What the judges said:
“It’s full of detail and really reflects the beauty of nature…. mining the depths of inventiveness to convey information through few words and wonderful pictures”
Find out more about Sabina Radeva here
Listening to past winners talking about this prize, it’s obvious how much it means to them. But what about the rest of us? What’s in it for adults working with and for children, in schools and libraries and museums, at home, and in the community?
There are so many awards and prizes. Why should we pay attention to this one?
A word-of-mouth recommendation can be a great way to deal with anything that feels overwhelming – and working your way through every title in a publishing catalogue definitely comes into that category. A longlist of sixteen titles is manageable - and if you’re time-poor, a shortlist of half a dozen or so is even better.

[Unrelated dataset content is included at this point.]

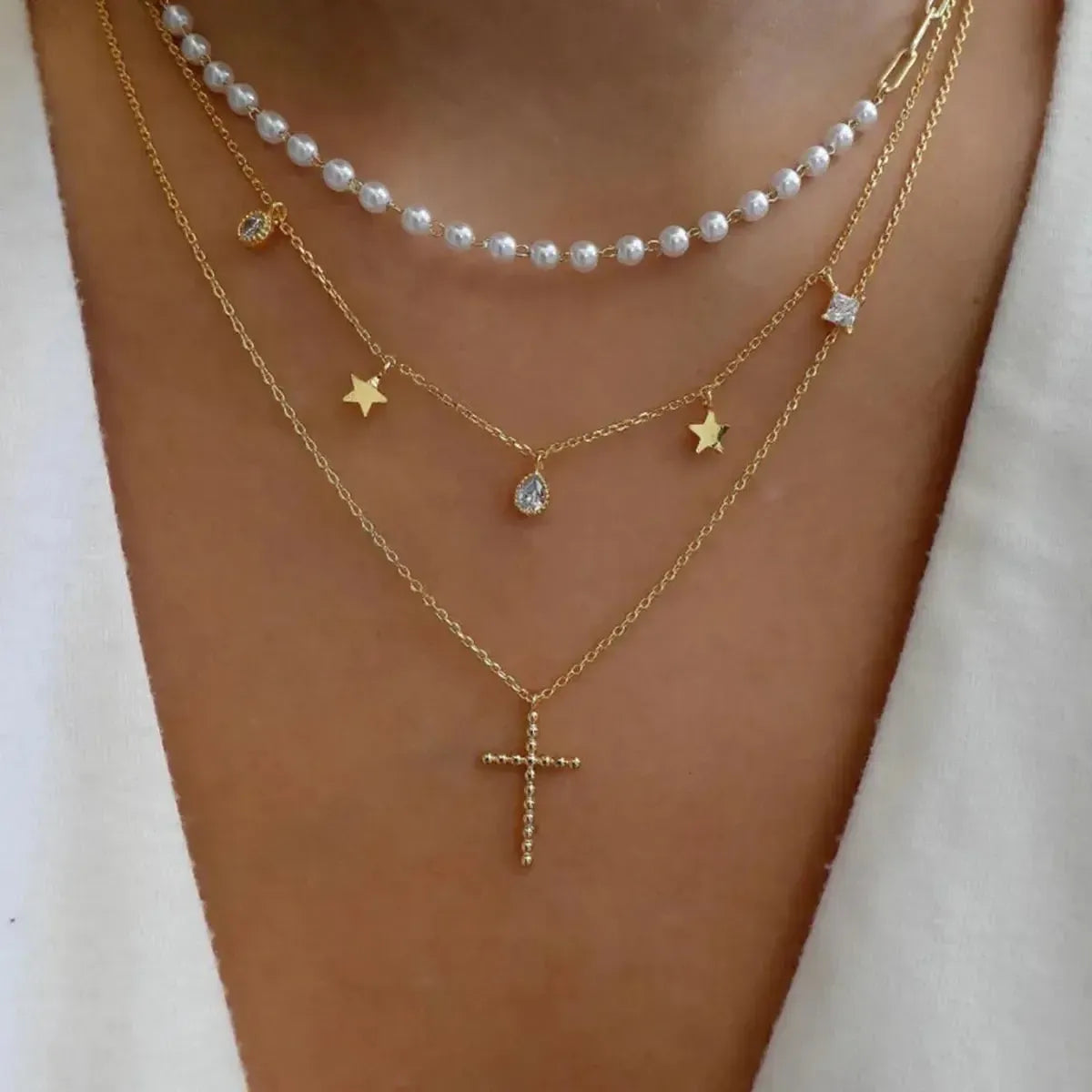 Set Colliers Multi-Rangs Dorés-Saylana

That’s something you have to earn, and it can take time. But recommendations from a trusted source are really valuable. The Klaus Flugge Prize judges don’t shortlist every book worth looking at, but so far, I’ve found it worthwhile to look at every book they’ve shortlisted.
If you’re looking at a debut picturebook, it’s new. That doesn’t necessarily mean it’s good – sometimes emerging illustrators play it safe, replicating what’s already been successful, and sometimes they just miss the mark. But many new illustrators pour everything they have into their books, which makes their debuts fresh and raw and full of the kind of energy and commitment you really want to have around. So ‘new’ quite often means ‘different’ - an opportunity to be surprised, explore somewhere you haven’t been before, or get your head around a new idea.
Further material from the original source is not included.